La seconde raison pouvant expliquer ce silence assourdissant, c’est que l’Europe serait, encore et toujours depuis 2005, la pomme de discorde qui divise au Parti socialiste. La ligne de fracture serait toujours la même entre réformistes modérés et ceux qui voudraient renverser la table européenne, infléchir les politiques à l’intérieur du cadre ou changer radicalement la nature et les méthodes de l’Union. Dans de telles conditions, un parti a toujours intérêt à taire les sujets qui fâchent. Pourtant, la primaire est justement le moment idéal pour les candidats pour mettre en avant ce qui les distingue de leurs compétiteurs. Qu’en est-il ?

Petites contradictions et grosses impasses

Lorsqu’on se plonge dans les programmes des quatre candidats ayant le plus de chances de l’emporter (B. Hamon, V. Peillon, A. Montebourg et M. Valls, voire tableau récapitulatif ci-dessous)), le sentiment général est celui d’un catalogue de bonnes intentions, souvent peu originales, duquel ressort mal une stratégie d’ensemble cohérente dessinant l’action de la France pour une réforme progressiste en profondeur de l’Union européenne.
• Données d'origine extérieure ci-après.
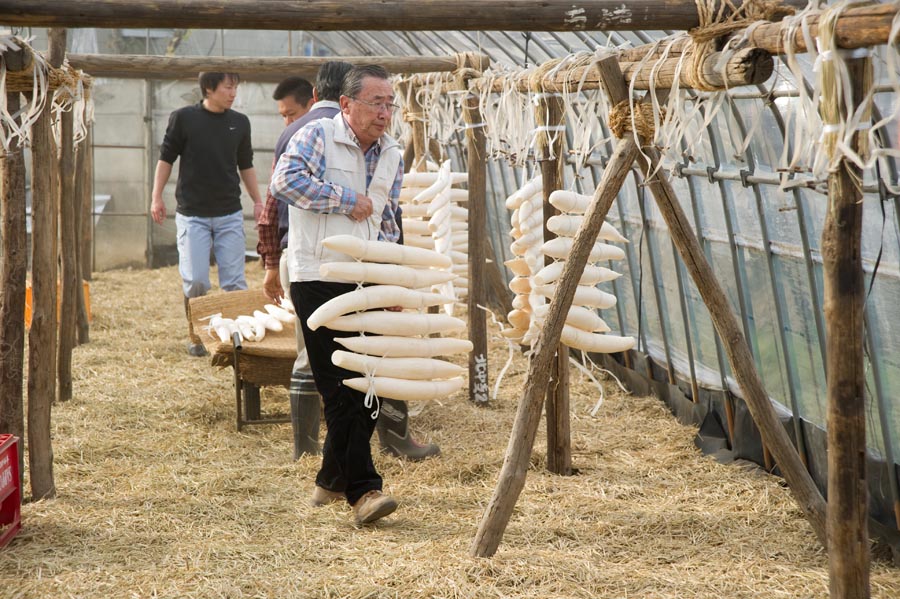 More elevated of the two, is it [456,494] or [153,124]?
[153,124]

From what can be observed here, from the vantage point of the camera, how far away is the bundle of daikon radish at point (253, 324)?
16.6 ft

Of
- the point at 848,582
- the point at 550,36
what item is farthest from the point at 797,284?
the point at 550,36

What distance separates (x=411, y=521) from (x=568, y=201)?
1.38 metres

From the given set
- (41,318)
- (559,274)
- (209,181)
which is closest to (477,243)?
(559,274)

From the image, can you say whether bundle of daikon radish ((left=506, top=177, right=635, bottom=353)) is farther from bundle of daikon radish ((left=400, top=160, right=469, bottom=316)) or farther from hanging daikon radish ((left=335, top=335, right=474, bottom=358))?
bundle of daikon radish ((left=400, top=160, right=469, bottom=316))

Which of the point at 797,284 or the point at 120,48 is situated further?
the point at 120,48

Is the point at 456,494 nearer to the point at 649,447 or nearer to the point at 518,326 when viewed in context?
the point at 518,326

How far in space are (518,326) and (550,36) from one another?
7.76 ft

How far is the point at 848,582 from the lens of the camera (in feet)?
8.13

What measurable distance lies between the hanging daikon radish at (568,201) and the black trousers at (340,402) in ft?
3.02

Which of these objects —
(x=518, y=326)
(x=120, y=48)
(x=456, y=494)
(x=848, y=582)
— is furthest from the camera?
(x=120, y=48)

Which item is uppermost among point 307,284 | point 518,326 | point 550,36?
point 550,36

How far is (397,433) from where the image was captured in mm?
4602

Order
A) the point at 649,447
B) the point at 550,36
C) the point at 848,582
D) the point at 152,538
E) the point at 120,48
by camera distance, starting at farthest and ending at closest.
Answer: the point at 120,48 < the point at 550,36 < the point at 649,447 < the point at 152,538 < the point at 848,582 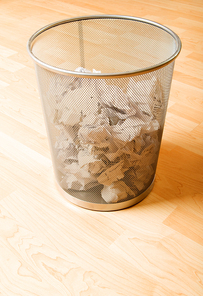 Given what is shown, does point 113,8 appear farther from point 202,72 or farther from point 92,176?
point 92,176

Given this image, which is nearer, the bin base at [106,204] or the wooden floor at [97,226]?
the wooden floor at [97,226]

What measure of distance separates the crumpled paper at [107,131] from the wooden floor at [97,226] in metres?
0.09

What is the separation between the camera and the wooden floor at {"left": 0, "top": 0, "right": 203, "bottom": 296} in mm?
619

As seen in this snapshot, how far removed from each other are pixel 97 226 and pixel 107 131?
9.0 inches

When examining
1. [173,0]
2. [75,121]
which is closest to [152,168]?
[75,121]

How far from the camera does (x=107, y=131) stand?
64 centimetres

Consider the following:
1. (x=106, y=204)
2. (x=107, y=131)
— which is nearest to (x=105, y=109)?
(x=107, y=131)

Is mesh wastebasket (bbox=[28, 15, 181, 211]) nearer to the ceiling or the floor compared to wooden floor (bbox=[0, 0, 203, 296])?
nearer to the ceiling

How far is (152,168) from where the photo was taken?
2.52 feet

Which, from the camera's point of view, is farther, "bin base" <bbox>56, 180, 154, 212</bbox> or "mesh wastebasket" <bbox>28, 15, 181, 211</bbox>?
"bin base" <bbox>56, 180, 154, 212</bbox>

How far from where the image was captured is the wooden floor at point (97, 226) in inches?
24.4

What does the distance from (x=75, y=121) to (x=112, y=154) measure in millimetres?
103

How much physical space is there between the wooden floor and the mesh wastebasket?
5 centimetres

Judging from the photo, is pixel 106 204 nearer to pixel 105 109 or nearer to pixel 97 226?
pixel 97 226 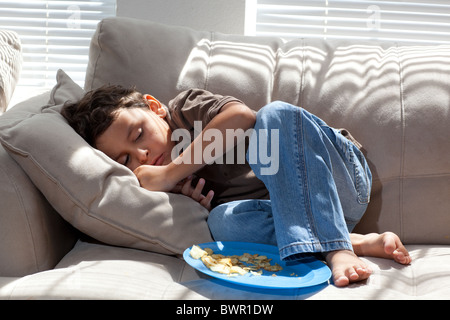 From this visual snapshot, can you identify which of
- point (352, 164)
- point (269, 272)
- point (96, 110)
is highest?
point (96, 110)

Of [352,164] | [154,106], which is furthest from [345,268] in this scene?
[154,106]

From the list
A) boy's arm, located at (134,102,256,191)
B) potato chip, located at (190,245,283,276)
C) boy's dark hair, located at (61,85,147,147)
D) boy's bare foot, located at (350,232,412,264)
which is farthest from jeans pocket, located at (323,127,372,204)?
boy's dark hair, located at (61,85,147,147)

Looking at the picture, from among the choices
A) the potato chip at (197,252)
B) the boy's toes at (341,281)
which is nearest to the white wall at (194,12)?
the potato chip at (197,252)

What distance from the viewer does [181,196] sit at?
56.9 inches

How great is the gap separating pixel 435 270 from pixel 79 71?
1.78m

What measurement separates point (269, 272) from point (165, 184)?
390mm

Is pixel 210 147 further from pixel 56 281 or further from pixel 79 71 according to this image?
pixel 79 71

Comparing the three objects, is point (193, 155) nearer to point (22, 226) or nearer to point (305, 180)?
point (305, 180)

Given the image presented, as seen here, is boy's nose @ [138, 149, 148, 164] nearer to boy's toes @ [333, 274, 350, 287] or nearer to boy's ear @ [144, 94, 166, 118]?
boy's ear @ [144, 94, 166, 118]

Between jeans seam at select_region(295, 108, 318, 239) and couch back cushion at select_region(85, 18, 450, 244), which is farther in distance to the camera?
couch back cushion at select_region(85, 18, 450, 244)

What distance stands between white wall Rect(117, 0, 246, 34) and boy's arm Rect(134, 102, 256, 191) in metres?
0.82

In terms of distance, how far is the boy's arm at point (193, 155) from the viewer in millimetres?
1411

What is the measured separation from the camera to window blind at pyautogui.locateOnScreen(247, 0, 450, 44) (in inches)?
90.0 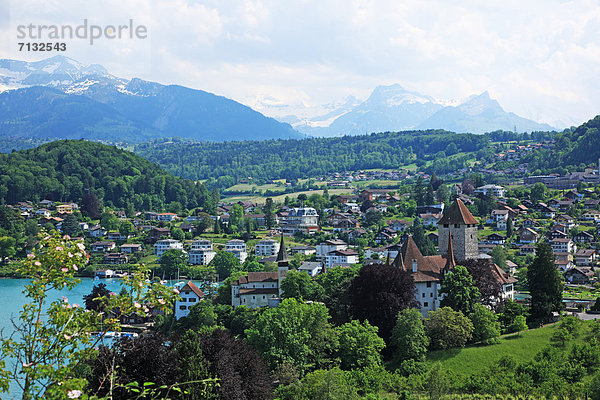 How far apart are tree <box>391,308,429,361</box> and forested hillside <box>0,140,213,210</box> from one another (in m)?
75.1

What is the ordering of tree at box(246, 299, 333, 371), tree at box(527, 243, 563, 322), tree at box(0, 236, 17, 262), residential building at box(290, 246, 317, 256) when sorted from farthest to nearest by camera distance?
tree at box(0, 236, 17, 262) → residential building at box(290, 246, 317, 256) → tree at box(527, 243, 563, 322) → tree at box(246, 299, 333, 371)

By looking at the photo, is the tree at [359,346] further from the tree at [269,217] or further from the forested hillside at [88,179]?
the forested hillside at [88,179]

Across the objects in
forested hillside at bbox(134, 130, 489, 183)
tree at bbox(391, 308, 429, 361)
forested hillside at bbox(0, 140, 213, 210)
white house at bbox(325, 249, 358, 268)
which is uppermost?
forested hillside at bbox(134, 130, 489, 183)

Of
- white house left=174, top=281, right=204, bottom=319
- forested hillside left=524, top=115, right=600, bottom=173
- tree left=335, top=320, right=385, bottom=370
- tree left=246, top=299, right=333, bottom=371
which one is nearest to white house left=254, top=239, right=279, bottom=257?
white house left=174, top=281, right=204, bottom=319

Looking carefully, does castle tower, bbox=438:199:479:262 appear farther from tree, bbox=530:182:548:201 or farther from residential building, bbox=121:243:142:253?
residential building, bbox=121:243:142:253

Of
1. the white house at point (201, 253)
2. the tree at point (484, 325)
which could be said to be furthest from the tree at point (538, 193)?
the tree at point (484, 325)

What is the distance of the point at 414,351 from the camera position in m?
30.9

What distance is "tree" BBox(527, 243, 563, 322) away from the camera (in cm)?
3506

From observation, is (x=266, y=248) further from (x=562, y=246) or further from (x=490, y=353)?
(x=490, y=353)

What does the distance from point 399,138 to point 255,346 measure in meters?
174

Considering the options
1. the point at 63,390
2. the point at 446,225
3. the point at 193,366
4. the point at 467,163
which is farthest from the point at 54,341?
the point at 467,163

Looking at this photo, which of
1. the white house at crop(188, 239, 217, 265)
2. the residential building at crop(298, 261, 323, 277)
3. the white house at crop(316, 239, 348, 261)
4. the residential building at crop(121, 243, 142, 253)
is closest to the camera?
the residential building at crop(298, 261, 323, 277)

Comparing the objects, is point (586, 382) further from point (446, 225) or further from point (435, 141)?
point (435, 141)

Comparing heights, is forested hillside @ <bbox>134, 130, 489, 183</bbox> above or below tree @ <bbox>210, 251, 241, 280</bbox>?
above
Notons d’abord quelques incohérences et ambiguïtés. M. Valls, par exemple, commence par fustiger la surréglementation européenne en dénonçant les « charges excessives » qui pèseraient sur les agriculteurs ou les PME. Quelques pages plus loin, pourtant, il appelle à un renforcement de la règlementation des travailleurs détachés, qui s’impose justement souvent aux PME, par exemple dans le secteur du bâtiment. On comprend donc mal quel est « l’essentiel » sur lequel l’UE doit se recentrer et où est la bonne ou la « mauvaise » réglementation. A coup sûr, il est toujours de bon ton de critiquer, de manière un peu creuse, l’Europe tatillonne qui réglemente trop. B. Hamon et V. Peillon appellent d’ailleurs tous les deux à une révision de ladite directive sur le détachement des travailleurs, révision étant déjà en cours depuis deux ans à Bruxelles. On repassera donc pour les propositions innovantes. Dans la même veine, V. Peillon se réfère à la garantie jeunes, qui a été décidé en 2013. Tandis que F. Hollande s’est targué à maintes reprises d’avoir « fait » la garantie jeunes, le dispositif a en fait été proposé par la Commission européenne et il est donc en vigueur dans les 27 pays de l’Union. Si l’on connaît, en effet, des problèmes de mise en œuvre dans plusieurs pays, cela signifie que les gouvernements nationaux ne respectent pas les engagements pris au niveau européen.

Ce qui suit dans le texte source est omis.